# MBNA & Intrum Justita help



## DublinCeltic (19 Feb 2010)

Hi all,
I owed MBNA money on my CC which is obviously now cancelled and i was repaying them back each month but having had reduced hours in work i fell behind.

I wrote a letter asking them to suspend interest and also for a true signed copy of my agreement with them.

I received a reply but the contract was just a print out and had no signature from me on it.

I have now received a letter from _Intrum Justita_ saying they are now the owner of the debt and to call them to arrange payment.

My last letter to mbna  i again requested a true copy which was met with no response so i haven't been paying them back.

Are they not supposed to inform me that they have sold the debt and how do i now go about dealing with this other crowd as i still want a true copy of my terms and conditions before i agree to make repayments as i am sure the intrest on what i owe has changed since i opened up the account.

I have no proof from mbna that they have sold the debt off and yesterday i received an annoymus text message asking me to urgently contact a phone number which i presume is an extension number from intrum justita

Hopefully someone can help me a bit, thanks


----------



## runner (19 Feb 2010)

There are threads  (here I think) on this Intrum Justita crowd. Likrwise on boards.ie
Review these first. Second are you sure they have purchased the debt - this seems unlikely. Follow some of the suggestions in these links.


----------



## DublinCeltic (19 Feb 2010)

runner said:


> There are threads  (here I think) on this Intrum Justita crowd. Likrwise on boards.ie
> Review these first. Second are you sure they have purchased the debt - this seems unlikely. Follow some of the suggestions in these links.

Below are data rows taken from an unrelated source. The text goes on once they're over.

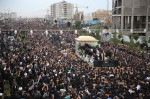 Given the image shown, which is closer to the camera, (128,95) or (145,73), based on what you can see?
(128,95)

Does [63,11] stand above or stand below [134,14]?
above

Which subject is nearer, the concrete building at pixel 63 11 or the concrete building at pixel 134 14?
the concrete building at pixel 134 14

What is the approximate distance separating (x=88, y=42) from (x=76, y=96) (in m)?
13.0

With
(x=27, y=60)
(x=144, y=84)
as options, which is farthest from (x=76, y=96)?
(x=27, y=60)

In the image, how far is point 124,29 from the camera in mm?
43531

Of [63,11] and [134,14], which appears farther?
[63,11]

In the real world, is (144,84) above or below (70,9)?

Thanks. The letter states that they are now the owners of the debt having obtained it from mbna.
I searched a few threads and still can't really find out any concrete information regarding per persuing mbna for my original contract. I'd like to have a bit of info behind me before i ring intrum and explain my situation.


----------



## Luckycharm (19 Feb 2010)

I would be very surprised if they purchased the debt - they are just acting on behalf of MBNA trying to collect the money.


----------



## jhegarty (19 Feb 2010)

Luckycharm said:


> I would be very surprised if they purchased the debt - they are just acting on behalf of MBNA trying to collect the money.




Letters from this company tend to be form letters from the UK.

I don't think they can buy the debt in Ireland , just manage it for MBNA.


----------



## ajapale (19 Feb 2010)

I have bumped up some of the old *Intrum Justita* threads to make it easier to review them.


----------



## bond-007 (20 Feb 2010)

jhegarty said:


> Letters from this company tend to be form letters from the UK.
> 
> I don't think they can buy the debt in Ireland , just manage it for MBNA.


Correct.

MBNA would have written off the debt in their accounts, however they do not sell it. IJ are used as the collectors. If legal action is issued it will be by MBNA as the debt owner and not IJ. 

The law is very different in the UK where debt sales or assignments are very common. In these cases the original creditor ceases to have an involvement once the sign it away. In these cases the creditor must inform the debtor in writing that they have assigned the debt and to whom it has been assigned.


----------